Let's an RDD to make it DataFrame

val rdd = sc.parallelize(
  Seq(
    ("first", Array(2.0, 1.0, 2.1, 5.4)),
    ("test", Array(1.5, 0.5, 0.9, 3.7)),
    ("choose", Array(8.0, 2.9, 9.1, 2.5))
  )
)

##Method 1 Using SparkSession.createDataFrame(RDD obj).

val dfWithoutSchema = spark.createDataFrame(rdd)

dfWithoutSchema.show()
+------+--------------------+
|    _1|                  _2|
+------+--------------------+
| first|[2.0, 1.0, 2.1, 5.4]|
|  test|[1.5, 0.5, 0.9, 3.7]|
|choose|[8.0, 2.9, 9.1, 2.5]|
+------+--------------------+

##Method 2 Using SparkSession.createDataFrame(RDD obj) and specifying column names.

val dfWithSchema = spark.createDataFrame(rdd).toDF("id", "vals")

dfWithSchema.show()
+------+--------------------+
|    id|                vals|
+------+--------------------+
| first|[2.0, 1.0, 2.1, 5.4]|
|  test|[1.5, 0.5, 0.9, 3.7]|
|choose|[8.0, 2.9, 9.1, 2.5]|
+------+--------------------+

##Method 3 (Actual answer to the question) This way requires the input rdd should be of type RDD[Row].

val rowsRdd: RDD[Row] = sc.parallelize(
  Seq(
    Row("first", 2.0, 7.0),
    Row("second", 3.5, 2.5),
    Row("third", 7.0, 5.9)
  )
)

create the schema

val schema = new StructType()
  .add(StructField("id", StringType, true))
  .add(StructField("val1", DoubleType, true))
  .add(StructField("val2", DoubleType, true))

Now apply both rowsRdd and schema to createDataFrame()

val df = spark.createDataFrame(rowsRdd, schema)

df.show() 
+------+----+----+
|    id|val1|val2|
+------+----+----+
| first| 2.0| 7.0|
|second| 3.5| 2.5|
| third| 7.0| 5.9|
+------+----+----+

Answer 2

SparkSession has a number of createDataFrame methods that create a DataFrame given an RDD. I imagine one of these will work for your context.

For example:

def createDataFrame(rowRDD: RDD[Row], schema: StructType): DataFrame

Creates a DataFrame from an RDD containing Rows using the given schema.

Answer 3

Assuming your RDD[row] is called rdd, you can use:

val sqlContext = new SQLContext(sc) 
import sqlContext.implicits._
rdd.toDF()

Answer 4

Note: This answer was originally posted here

I am posting this answer because I would like to share additional details about the available options that I did not find in the other answers

---

To create a DataFrame from an RDD of Rows, there are two main options:

1) As already pointed out, you could use toDF() which can be imported by import sqlContext.implicits._. However, this approach only works for the following types of RDDs:

• RDD[Int]
• RDD[Long]
• RDD[String]
• RDD[T <: scala.Product]

(source: Scaladoc of the SQLContext.implicits object)

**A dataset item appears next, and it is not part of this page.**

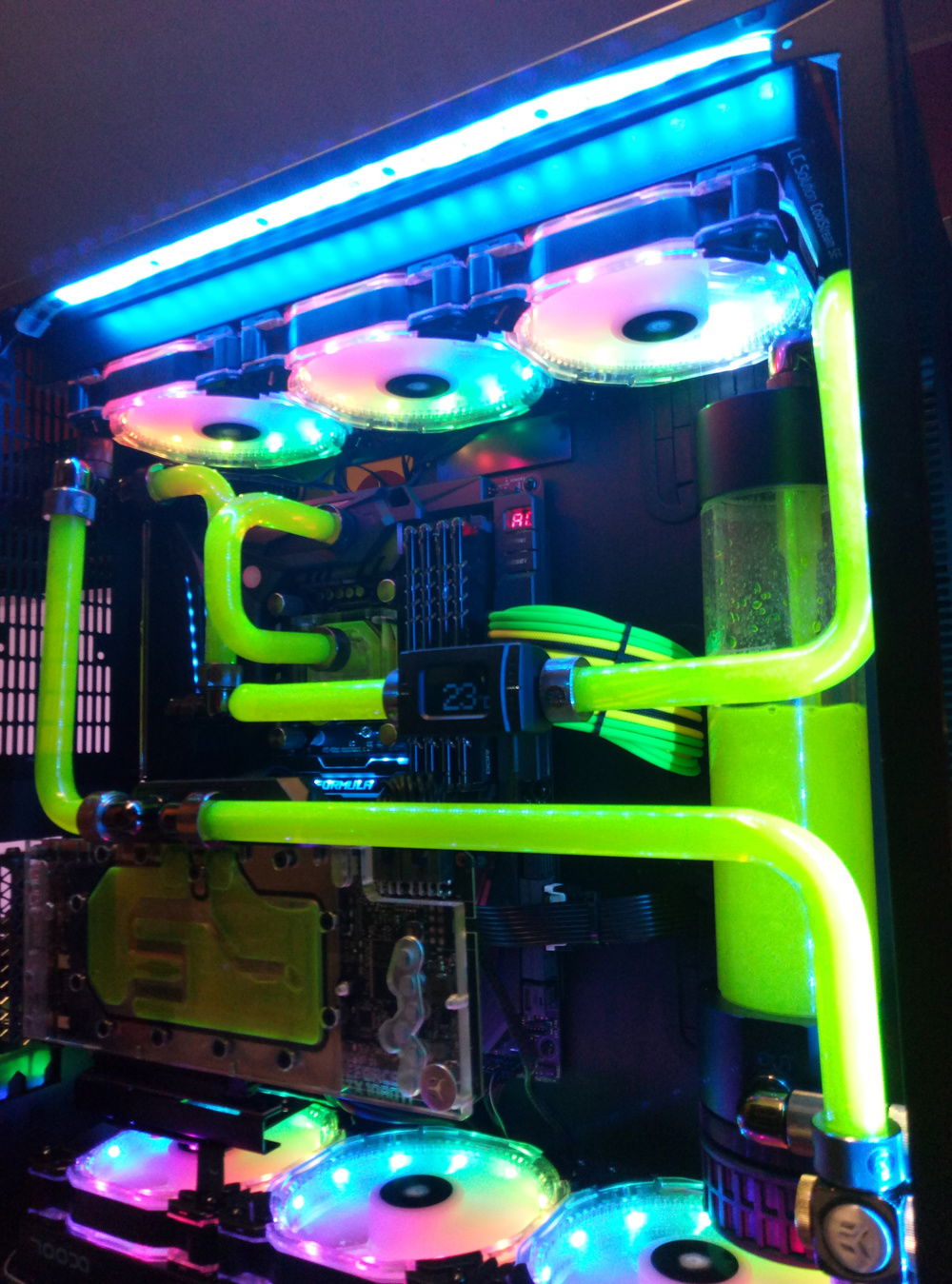 Customer Build. 25 - Lian-Li Custom loop » builds.gg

The last signature actually means that it can work for an RDD of tuples or an RDD of case classes (because tuples and case classes are subclasses of scala.Product).

So, to use this approach for an RDD[Row], you have to map it to an RDD[T <: scala.Product]. This can be done by mapping each row to a custom case class or to a tuple, as in the following code snippets:

val df = rdd.map({ 
  case Row(val1: String, ..., valN: Long) => (val1, ..., valN)
}).toDF("col1_name", ..., "colN_name")

or

case class MyClass(val1: String, ..., valN: Long = 0L)
val df = rdd.map({ 
  case Row(val1: String, ..., valN: Long) => MyClass(val1, ..., valN)
}).toDF("col1_name", ..., "colN_name")

The main drawback of this approach (in my opinion) is that you have to explicitly set the schema of the resulting DataFrame in the map function, column by column. Maybe this can be done programatically if you don't know the schema in advance, but things can get a little messy there. So, alternatively, there is another option:

---

2) You can use createDataFrame(rowRDD: RDD[Row], schema: StructType) as in the accepted answer, which is available in the SQLContext object. Example for converting an RDD of an old DataFrame:

val rdd = oldDF.rdd
val newDF = oldDF.sqlContext.createDataFrame(rdd, oldDF.schema)

Note that there is no need to explicitly set any schema column. We reuse the old DF's schema, which is of StructType class and can be easily extended. However, this approach sometimes is not possible, and in some cases can be less efficient than the first one.

Answer 5

Suppose you have a DataFrame and you want to do some modification on the fields data by converting it to RDD[Row].

val aRdd = aDF.map(x=>Row(x.getAs[Long]("id"),x.getAs[List[String]]("role").head))

To convert back to DataFrame from RDD we need to define the structure type of the RDD.

If the datatype was Long then it will become as LongType in structure.

If String then StringType in structure.

val aStruct = new StructType(Array(StructField("id",LongType,nullable = true),StructField("role",StringType,nullable = true)))

Now you can convert the RDD to DataFrame using the createDataFrame method.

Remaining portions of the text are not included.